President Obama was virtually silent on climate change and environmental issues during his 2012 campaign, but he surprised many last week when he gave the most amount of time during his inaugural address to climate change (a whopping 8 sentences).
But even as climate change advocates may have been pleased with the surprise attention, there’s a broad consensus that any climate action that requires legislative action will be nearly impossible to pull off. So let’s take a look at what actions we may actually see from Obama and what the impact on cleantech will be.
Making use of the EPA: It’s clear that Obama will be maximizing his use of executive power as his first term showed him that ambitious legislation like a carbon cap wasn’t happening. Hill watchers are already expecting a nasty confirmation fight over whoever Obama nominates to succeed outgoing EPA head Lisa Jackson.
So what might Obama do via the EPA? Well, most folks have accepted that the EPA will finalize emissions standards for new power plants that will effectively make it impossible to build new conventional coal plants. But more controversial is the possibility that the EPA will set new standards for existing power plants, using legal arguments that the Clean Air Act allows it regulate greenhouse gases. This will ignite multiple legal challenges but if Obama succeeds via the EPA, this will force the shutdown of some coal plants, accelerate adoption of natural gas plants and potentially make wind and solar more attractive.
The tax credit game: The wind power lobby successfully managed to get the Production Tax Credit (PTC), which gives a subsidy of 2.2 cents per kilowatt hour of wind power produced, slipped into the 11th hour fiscal deal. It was due to expire but will run another year so expect continued fights over its expiration and potential rough times for the wind industry if it eventually meets its death. Similarly the PTC for geothermal and biomass expire at the end of this year.
Perhaps most important for the solar industry is that the investment tax credit, which is critical to project finance at companies like SolarCity, moves from 30 percent to 10 percent in 2016. I’ve noted it before, but solar installers that are heavily dependent on cheap capital to bankroll their ability to waive up front solar installation costs, in exchange for long term leases or power purchase agreements. They will have to find a new source of cheap capital. And I’ll expect they’ll fight for extending the 30 percent investment tax credit level but more probably, those installers will be looking for new avenues of low cost capital like securitizing solar contracts.
Department of Energy: The DOE has the ability to issues energy efficiency standards for home appliances, based on the premise that the benefits of the standards outweigh the drawbacks and costs to consumers. The DOE has issued 16 new or updated standards for home appliances, commercial buildings, and industrial facilities resulting in reductions of 6.5 billion tons of carbon dioxide.

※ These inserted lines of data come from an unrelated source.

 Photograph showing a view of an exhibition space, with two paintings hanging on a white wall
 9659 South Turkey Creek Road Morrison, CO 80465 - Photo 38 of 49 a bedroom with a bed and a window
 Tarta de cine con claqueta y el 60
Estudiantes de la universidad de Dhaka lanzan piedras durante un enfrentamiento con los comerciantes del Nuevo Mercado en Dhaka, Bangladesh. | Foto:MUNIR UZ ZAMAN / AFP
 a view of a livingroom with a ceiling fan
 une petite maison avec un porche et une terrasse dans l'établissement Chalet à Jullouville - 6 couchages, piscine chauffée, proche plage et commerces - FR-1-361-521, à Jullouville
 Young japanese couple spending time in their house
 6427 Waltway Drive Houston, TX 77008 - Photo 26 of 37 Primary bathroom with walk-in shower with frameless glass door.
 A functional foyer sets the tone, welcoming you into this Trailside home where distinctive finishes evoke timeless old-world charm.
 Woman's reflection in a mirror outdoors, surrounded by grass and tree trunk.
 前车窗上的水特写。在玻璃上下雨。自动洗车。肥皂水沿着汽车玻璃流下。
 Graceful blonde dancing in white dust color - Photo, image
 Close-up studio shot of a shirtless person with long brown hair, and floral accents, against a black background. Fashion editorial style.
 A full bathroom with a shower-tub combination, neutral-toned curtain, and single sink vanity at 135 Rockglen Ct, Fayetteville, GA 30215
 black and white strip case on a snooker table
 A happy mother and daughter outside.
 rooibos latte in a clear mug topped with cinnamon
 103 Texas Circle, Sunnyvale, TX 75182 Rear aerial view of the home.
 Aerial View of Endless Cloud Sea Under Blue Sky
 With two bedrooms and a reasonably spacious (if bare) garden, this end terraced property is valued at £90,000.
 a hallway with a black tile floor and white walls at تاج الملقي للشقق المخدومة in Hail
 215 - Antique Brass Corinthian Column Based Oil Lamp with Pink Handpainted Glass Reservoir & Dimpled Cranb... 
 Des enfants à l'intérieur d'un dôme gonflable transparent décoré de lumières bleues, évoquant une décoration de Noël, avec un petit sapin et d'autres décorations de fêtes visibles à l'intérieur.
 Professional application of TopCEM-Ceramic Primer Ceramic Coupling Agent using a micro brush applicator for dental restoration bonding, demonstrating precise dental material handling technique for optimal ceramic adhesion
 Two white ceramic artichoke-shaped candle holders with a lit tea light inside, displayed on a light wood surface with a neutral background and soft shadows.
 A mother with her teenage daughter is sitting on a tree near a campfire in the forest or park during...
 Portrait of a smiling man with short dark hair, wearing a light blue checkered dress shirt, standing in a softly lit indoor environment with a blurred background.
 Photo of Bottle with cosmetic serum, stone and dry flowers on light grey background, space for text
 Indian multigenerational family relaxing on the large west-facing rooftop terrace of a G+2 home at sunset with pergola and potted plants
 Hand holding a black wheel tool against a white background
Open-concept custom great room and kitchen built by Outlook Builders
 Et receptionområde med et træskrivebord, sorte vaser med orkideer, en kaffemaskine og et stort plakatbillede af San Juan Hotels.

Many of these standards could hit the power hogs like furnaces, heat pumps and air conditioners. And critics will cry that the measures raise the cost of appliances. 65 percent of electricity consumption comes from buildings in the U.S., and if Obama can’t get sweeping climate change legislation done, ratcheting up the efficiency requirements for the appliances and infrastructure that fuel this electricity consumption is one option. Look for a potential opportunity here for smart appliances and HVAC systems that are easily networkable and can take advantage of data analyses to lower energy consumption.
In the end, none of this is the sweeping climate action that Obama wants. But he’s limited because he needs Congress for anything significant. The one potential black swan here is a series of erratic weather events that might turn the tide of opinion the way Newtown has reopened the gun debate. Only time will tell, but one hopes it won’t take dramatic changes in weather to spur Congress into passing climate legislation.